Yabancı şirketlerin bir yerli ortakla çalışmaları zorunlu değilse de akılcı ve gereklidir. Yerli ortağın devletle ilişkileri yürütmesi ve sürdürmesi söz konusudur. Diğer yandan, madende çalışacak olanların belirlenmesi ve elbette iktidarın belirlediği kimseler olması da neredeyse kuraldır.
Bu ve benzeri ayrıntıların yabancı şirket için en küçük önemi yoktur. Onun için birincil olan kazancıdır.
Görselden anlaşılacağı gibi 2024 yılında Türkiye’deki altın üretimi 31 tondur. Dünya üretiminin % 1’inden daha az bir niceliğe denk düşmektedir. Bu düzeydeki altın üretiminden Türk devletine kalacak olan birkaç ton kadardır.

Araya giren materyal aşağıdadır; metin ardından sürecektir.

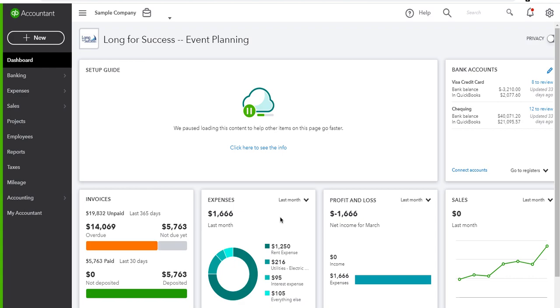I will show you the details of QuickBooks Online.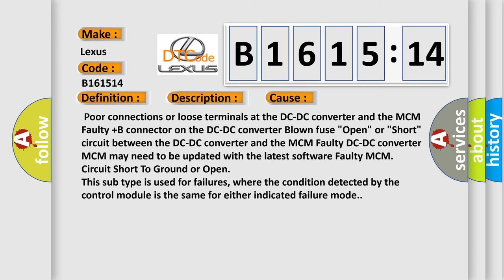This diagnostic error occurs most often in these cases: Poor connections or loose terminals at the DC-DC converter and the MCM, faulty plus B connector on the DC-DC converter, blown fuse, open or short circuit between the DC-DC converter and the MCM, faulty DC-DC converter. The DC-DC converter MCM may need to be updated with the latest software, faulty MCM.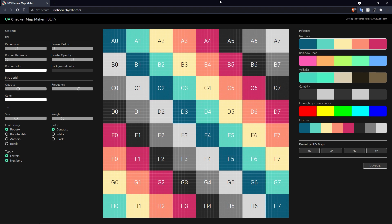Okay, I have a website here and it's great. It basically allows you to create your own custom UV checker maps.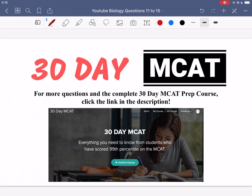That's it for the questions in this video. If you liked what you saw and want to see more questions with explanations and a breakdown of all the answer options, be sure to check out our course on teachable.com — the link is in the description below. I'll see you guys in the next one.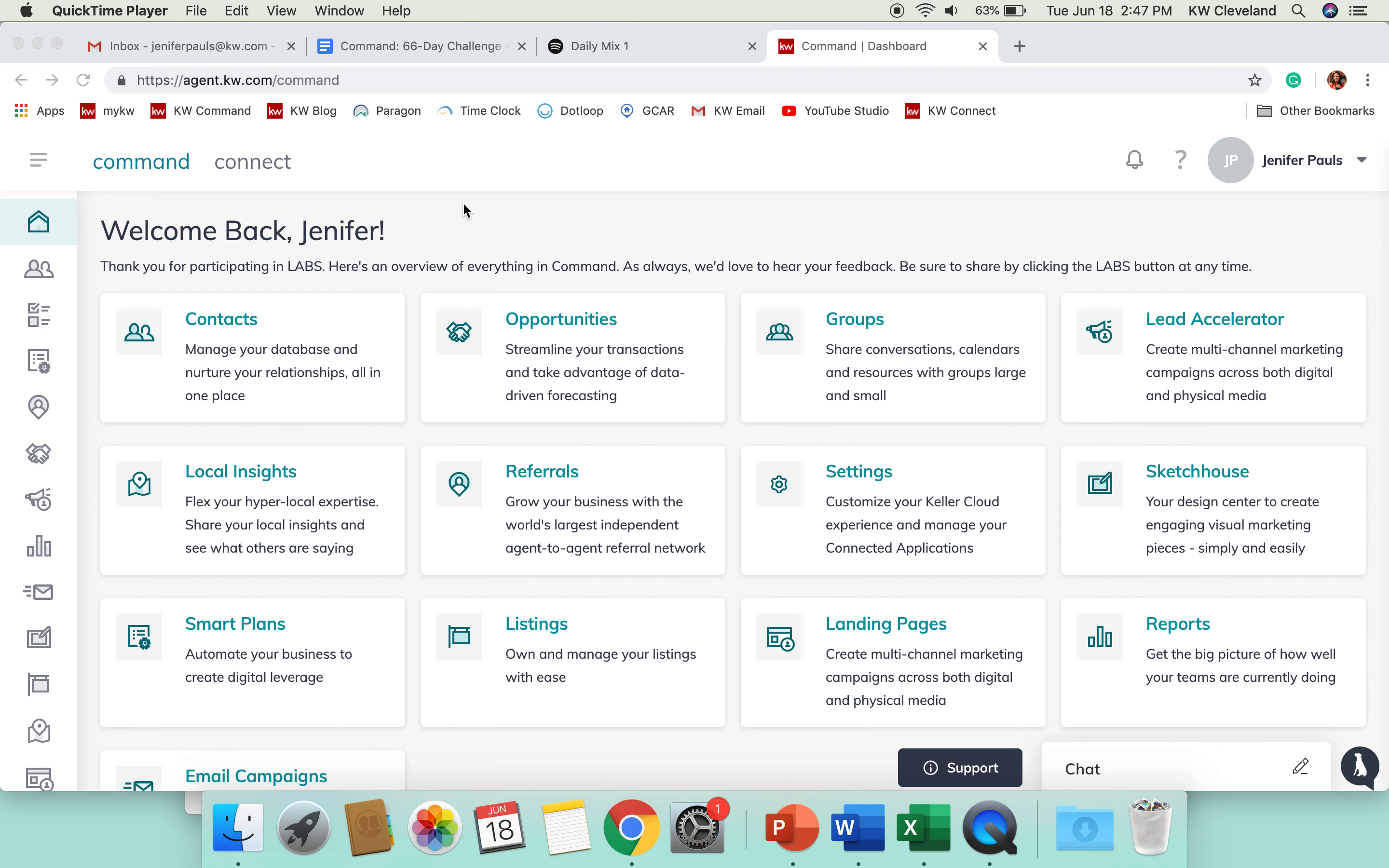Hey everyone and welcome to day 13 of our Command 66 Day Challenge. Today we are going to take a look at the reporting section of Command and we're going to talk about our database health score.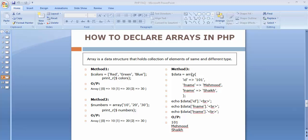In the third method we can store both numerical and character information into an array. Here we use a key-value pair — this is the key and this is the value. For example: id equals 101, first name is Mehamud, and last name is Shake. This is called an associative array, where data is stored in the form of keys and values. We can display the entire array using the print_r statement.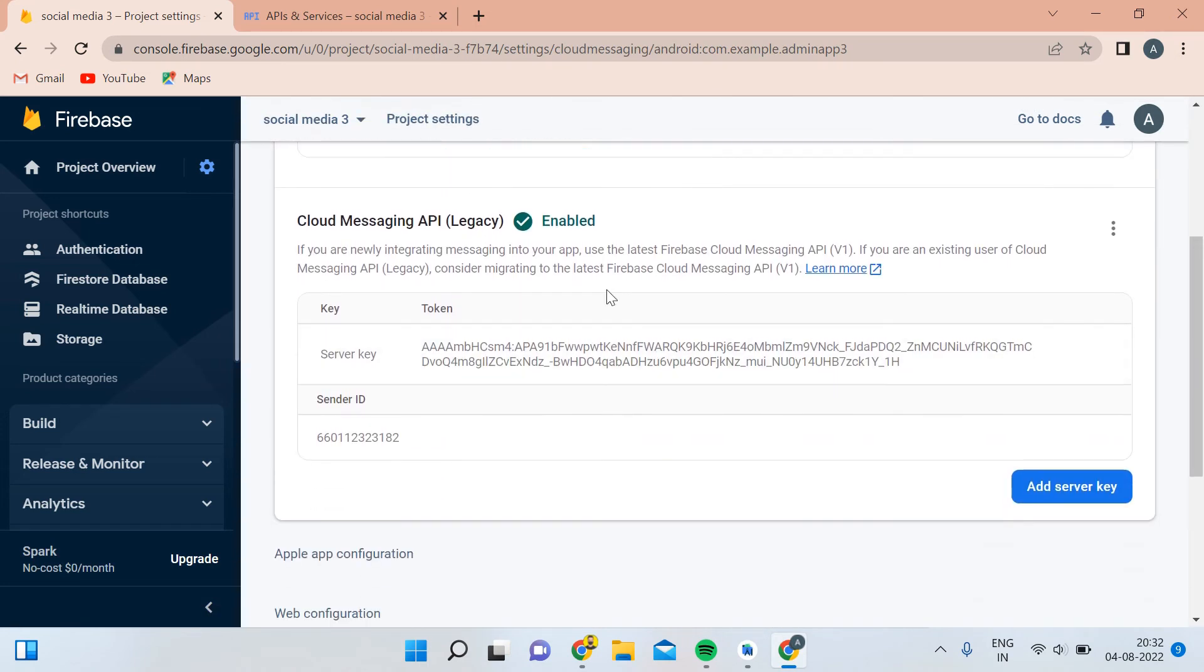Now you can see we have the server key. You can use it inside your application for sending real-time notifications or cloud messaging purposes.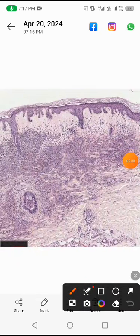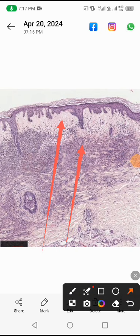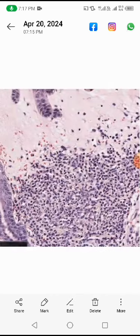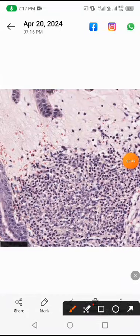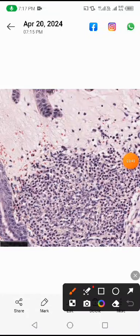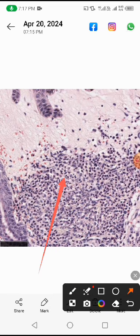This is another picture showing the papillary dermal edema and dense inflammatory infiltrate involving the whole dermis. There is also perivascular inflammatory infiltrate.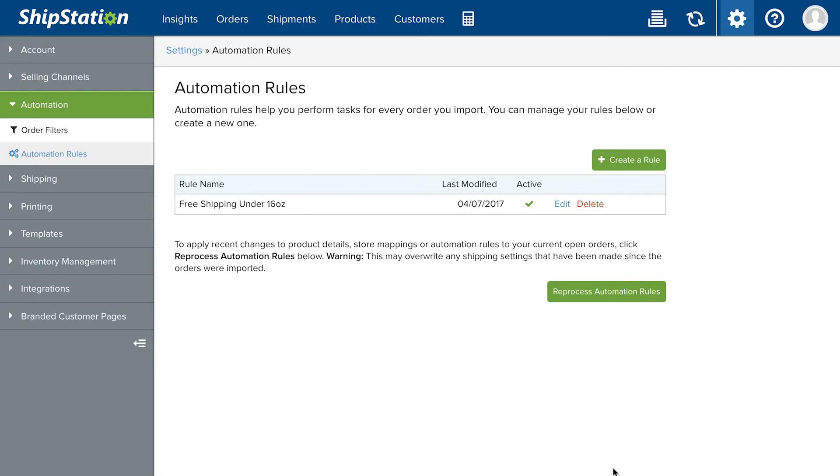Automation rules apply in a top to bottom order, meaning the last rule to override the previous will ultimately apply to the order.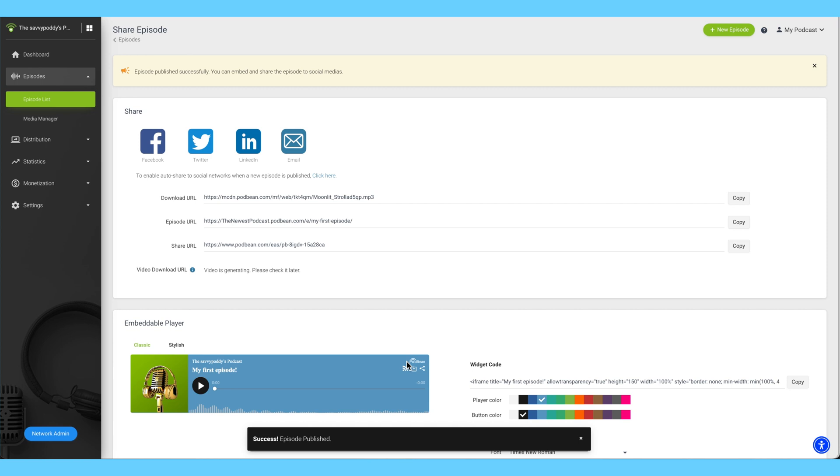Your podcast episode has now been published. Once your episode is published, your episode will show up within the Podbean app on iOS, Android, and on your Podbean website.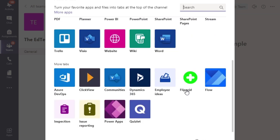There's also a whole range of other tabs for external resources and applications that you might be able to add. Just be aware that sometimes these are managed by your tenant or your domain, your organization, so you might not have access to all of these different applications. But that doesn't mean that you can't go in and use that particular resource and add it as a tab.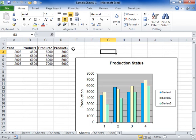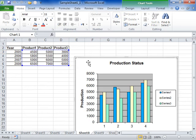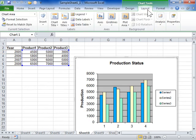Display or hide axes. Select the chart to be modified. Under Chart Tools, click the Layout tab.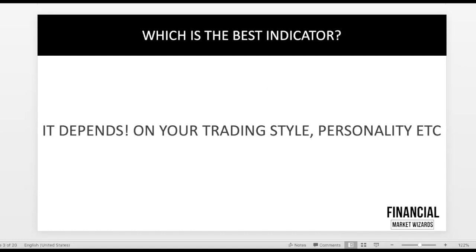To say there's a best indicator is actually not the best question to ask. Trading is a very personal thing. If you are a trend trader who likes to trade with the trend, a particular indicator will work better for you. If you like to trade ranges — buying at the bottom and selling at the top — then a different indicator will work better.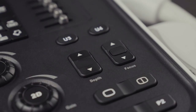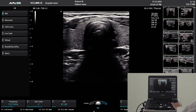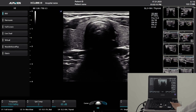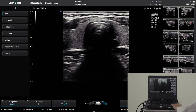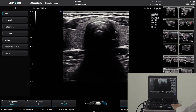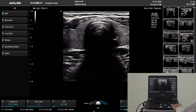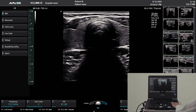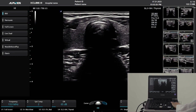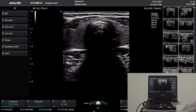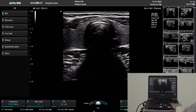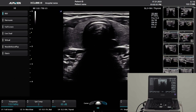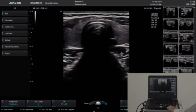Focus key: press the up arrow to move the focal point into the near field. The center button allows you to change the number of focal zones being used. Press the center button, then use the up/down toggle to change the number of focus zones. Press the center button again to set the focus and move the zones up or down.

Devlete kalan bu nicelikten elde edilecek 500 milyon USD bu uğurda yitirilenleri geri almaya yeter mi?
Can alıcı soru budur!
Zeytinden, ormandan, kurttan, kuştan, çiçekten ve böcekten vazgeçilerek edinilen bu kazanç(!) ortaya çıkan geri dönüşü neredeyse olanaksız zararı karşılar mı?
Her şeyden önce altın madenciliğinin yabancı şirketlere bırakılması gözden geçirilmelidir.
Başka birçok yeraltı kaynağı gibi altın da çıkartılabilir Türkiye’de. Bu yapılırken, akılcı ve bilimsel davranılmalıdır. İşi bittikten sonra ülkemizden ayrılan, yarattığı doğa yıkımıyla ilgili en küçük sorumluluk ve yükümlülük duyumsamayan çok uluslu şirketlerle ilişkilerin sıkı kurallara bağlanması ve daha da iyisi altın madenciliğinin kamu eliyle yapılması zararı en aza indirmede önemli ayrıntı olarak çıkmaktadır karşımıza.
Son söz : Vatanseverlik tanımı yeniden yapılmalıdır. Bugüne dek vatanseverlik kaba, saldırgan ve şovenizme vardırılan bir kavram olmuştur. Düne kadar İmralı’dakine idam ipi atanların yeni açılımla birlikte eli kanlı katili düştüğü kuyudan çıkartmak için ip sarkıttıkları görülmektedir. Vatanseverlikle ilintilerinin olmadığı anlaşılmıştır bu kaba ve ilkesiz sözde milliyetçilerin.
Vatanseverlik başka pek çok şekilde tanımlansa da, dağına, taşına, kurduna, kuşuna, çiçeğine, böceğine sahip çıkmak olarak tanımlanmalıdır. Bunun için de ülkenin doğal varlıklarının emperyal ülke şirketlerince yağmalanmasının önüne geçilmelidir.